How to Secure Your Cloud Data with Rules-based Engine
Cloud computing offers scalable on-demand services to consumers with greater flexibility and lesser infrastructure investment. Since cloud services are delivered using classical network protocols and formats over the Internet, implicit vulnerabilities existing in these protocols and threats introduced by newer architectures raise many security and privacy concerns.
There are many questions that arise as to whether a cloud is secure enough. Numerous threats exist, like insecure interfaces and APIs, malicious insider attacks, data loss and leakage, account or service hijacking, unknown risk profiles, etc. If a cloud service provider relies on a weak set of APIs, various security issues related to confidentiality, integrity, availability, and accountability will be raised. A malicious insider can easily obtain passwords, cryptographic keys, and files, causing fraud, damage, or theft of information and misuse of IT resources. Data loss can occur due to operational failures, unreliable data storage, and inconsistent use of encryption keys.
Approaches to Detecting Attacks
Regarding detecting attacks, there are generally two different approaches: behavior-based and knowledge-based.

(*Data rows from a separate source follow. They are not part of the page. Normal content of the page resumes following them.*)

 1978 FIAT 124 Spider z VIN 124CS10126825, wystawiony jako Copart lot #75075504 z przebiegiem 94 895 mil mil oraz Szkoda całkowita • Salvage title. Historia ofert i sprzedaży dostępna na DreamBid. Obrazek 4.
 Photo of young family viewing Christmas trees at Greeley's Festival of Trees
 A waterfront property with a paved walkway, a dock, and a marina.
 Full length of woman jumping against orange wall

The behavior-based method dictates how to compare recent user actions to the usual behavior, while the knowledge-based method detects known trails left by attacks or certain sequences of actions from a user who might represent an attack. Behavior-based methods use machine learning, data mining, etc to learn from previous actions and compare them with current ones. Since these methods use patterns learned from previous actions, they can predict new attacks, i.e., attacks that are new. However, many of these methods are not as efficient as knowledge-based methods, which detect attacks by comparing the current action to signatures of previous actions.
Our approach uses a knowledge-based method, with a rules engine designed to use a set of signatures called rules to define what actually constitutes an attack. Rules are signature sets describing significant characteristics of events or specific attack signatures. Rules engines provide an extensive language enabling you to write new rules and extend them to meet your requirements.
System Design
We used the Apache Spark platform to implement the rules engine. It allows data processing at scale and querying that data at scale using SQL-like syntax. This makes Apache Spark a viable option, as it allows the creation of simple rules that can run within stream windows of time and make decisions with the ease of SQL queries. As a result, it can be used as a data aggregation/event processing and analytics platform. Using Apache Spark Streaming, live data from the cloud was analyzed. This includes all traffic related to virtual hosts in the cloud.

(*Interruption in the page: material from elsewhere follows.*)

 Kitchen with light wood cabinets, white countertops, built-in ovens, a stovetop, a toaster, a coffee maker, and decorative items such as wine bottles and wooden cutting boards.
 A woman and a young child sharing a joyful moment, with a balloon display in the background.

Rules contain information about the type of action to perform when the rule is matched, source and destination IP addresses and ports, and the type of action to perform on packets to check whether they match the rule. Furthermore, it can also contain byte sequences to check against the packet’s payload. Typically, attack signatures are searched for in the payload of packets, and rules matching the content of such payloads are logged using one of the many available logging facilities, alongside information allowing the identification of the traffic flow transporting attack-related traffic. For example, one of the rules limited the number of POST requests to any host. The previously logged data is stored using MongoDB. This data is retrieved by Apache Spark using an SQL-like syntax. This data is then passed to the rules engine, where the system decides whether the current data is an attack.
Each host in the cloud is connected to the rules engine, thus allowing all the traffic to be monitored by the system.
Future Scope
Knowledge-based systems are characterized by a high hit rate of known attacks. However, it cannot detect new attacks. This system can be improved by pairing this with a behavior-based system, thus allowing the detection of new attacks while efficiently detecting known attacks. Also, as there is one rules engine for multiple hosts, the engine can get overloaded, thus becoming a bottleneck. This can be avoided by using multiple rules engines for multiple hosts.

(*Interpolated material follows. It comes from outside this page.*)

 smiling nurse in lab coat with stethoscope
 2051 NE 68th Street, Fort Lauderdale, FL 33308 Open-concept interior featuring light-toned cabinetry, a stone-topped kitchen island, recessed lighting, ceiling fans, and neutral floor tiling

Cloud computing is a “network of networks” over the internet; therefore, the chances of malicious attacks are more with the erudition of the attacker. Our system allows the client to customize the security rules, thus allowing them to filter traffic according to their growing requirements and new attacking patterns. Its advantages include a high detection rate, low false positives, and negatives rate, and the ability to analyze live data traffic. Eradication of malicious attacks over the cloud will deal with the majority of the security problems in the cloud, thus allowing safe and easy usage.